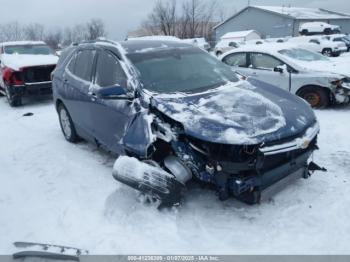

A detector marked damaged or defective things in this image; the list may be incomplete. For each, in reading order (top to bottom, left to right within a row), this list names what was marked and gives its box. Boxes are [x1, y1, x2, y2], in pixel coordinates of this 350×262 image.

crushed hood [1, 54, 57, 70]
wrecked vehicle [0, 41, 58, 106]
wrecked vehicle [51, 39, 322, 207]
damaged chevrolet equinox [52, 39, 322, 207]
crushed hood [152, 80, 316, 145]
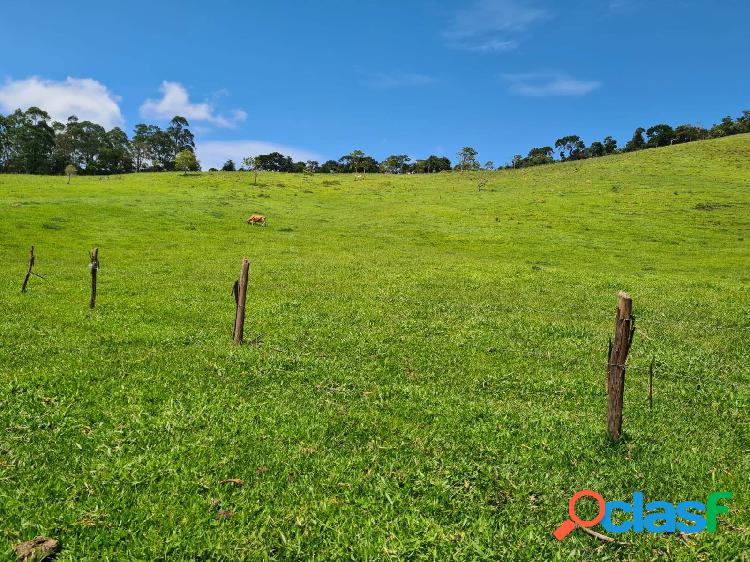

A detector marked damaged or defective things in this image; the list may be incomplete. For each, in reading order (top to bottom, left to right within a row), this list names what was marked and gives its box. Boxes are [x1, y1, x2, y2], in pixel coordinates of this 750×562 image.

broken fence post [234, 256, 251, 344]
broken fence post [608, 290, 636, 440]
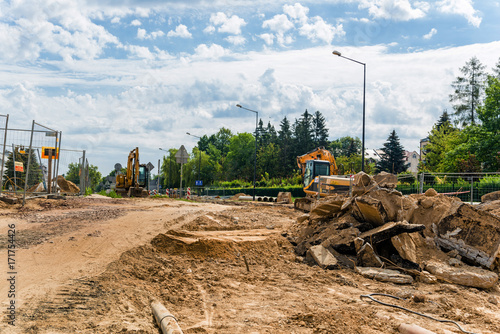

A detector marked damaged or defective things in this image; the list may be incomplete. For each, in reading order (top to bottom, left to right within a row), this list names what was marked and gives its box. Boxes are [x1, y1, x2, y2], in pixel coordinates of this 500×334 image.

broken concrete slab [376, 171, 398, 189]
broken concrete slab [434, 201, 500, 268]
broken concrete slab [304, 245, 340, 272]
broken concrete slab [356, 241, 382, 268]
broken concrete slab [356, 266, 414, 284]
broken concrete slab [424, 260, 498, 288]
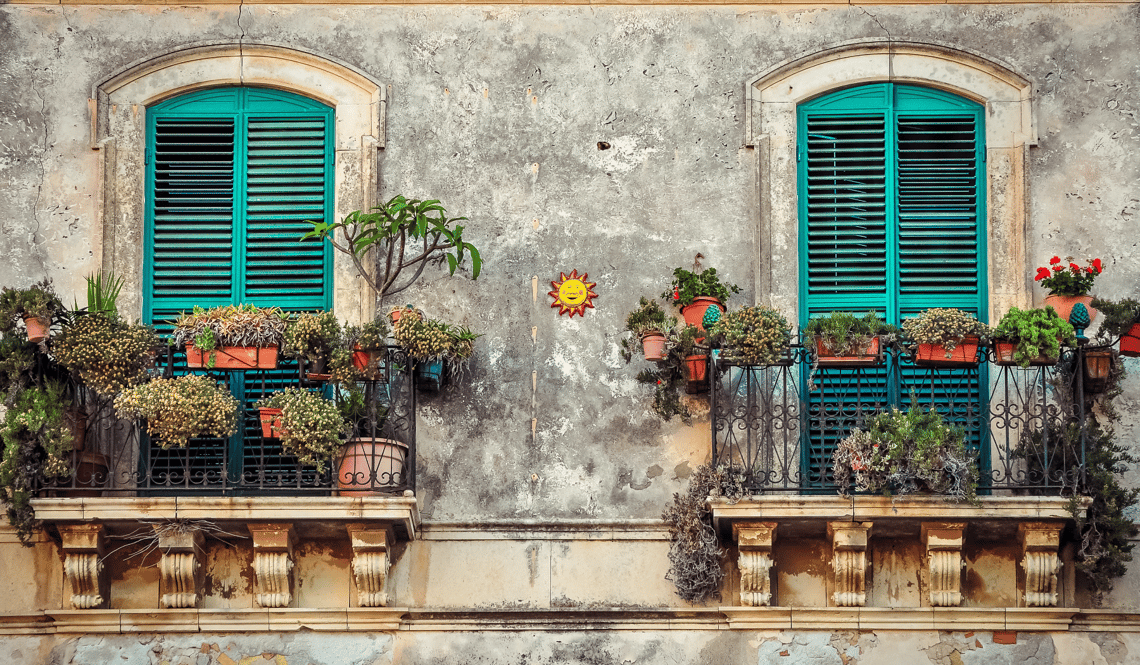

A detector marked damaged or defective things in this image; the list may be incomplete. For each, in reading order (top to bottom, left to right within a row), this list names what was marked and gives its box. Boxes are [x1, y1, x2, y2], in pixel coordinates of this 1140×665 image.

cracked plaster wall [0, 3, 1128, 524]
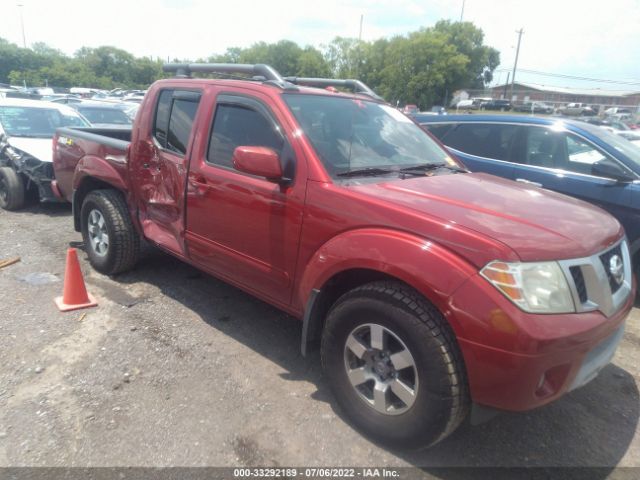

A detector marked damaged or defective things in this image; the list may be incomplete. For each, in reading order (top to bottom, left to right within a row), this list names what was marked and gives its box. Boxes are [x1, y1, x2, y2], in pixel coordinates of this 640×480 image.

damaged white car [0, 98, 90, 209]
wrecked vehicle [0, 98, 90, 210]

### Assigned task
Please write out the material from the line containing "this 500×334 image." to its final line, both inclusive, exactly as it appears; pictures are not part of the copy.

### Problem solution
A detector marked damaged or defective things in this image; the list may be incomplete. For each, in reading order (top to bottom, left to right within a row), this list names what was marked and gives its box. Boxes are [x1, y1, x2, y2], in pixel coordinates of this 500×334 image.

broken concrete slab [376, 171, 398, 189]
broken concrete slab [434, 201, 500, 268]
broken concrete slab [304, 245, 340, 272]
broken concrete slab [356, 241, 382, 268]
broken concrete slab [356, 266, 414, 284]
broken concrete slab [424, 260, 498, 288]

A detector marked damaged or defective things in this image; the list may be incomplete. For each, in reading order (top to bottom, left to right within a row), this list names what was marked and gives its box. Boxes are [x1, y1, x2, y2], in pixel coordinates of this 1140×665 image.

cracked plaster wall [0, 3, 1128, 524]

A detector marked damaged or defective things in this image; the list may be incomplete. For each, in reading order (top to bottom, left to right within a row), this list names what was marked and gives its box. Boxes are [x1, y1, x2, y2], in pixel coordinates of this 640×480 image.

damaged white car [0, 98, 90, 209]
wrecked vehicle [0, 98, 90, 210]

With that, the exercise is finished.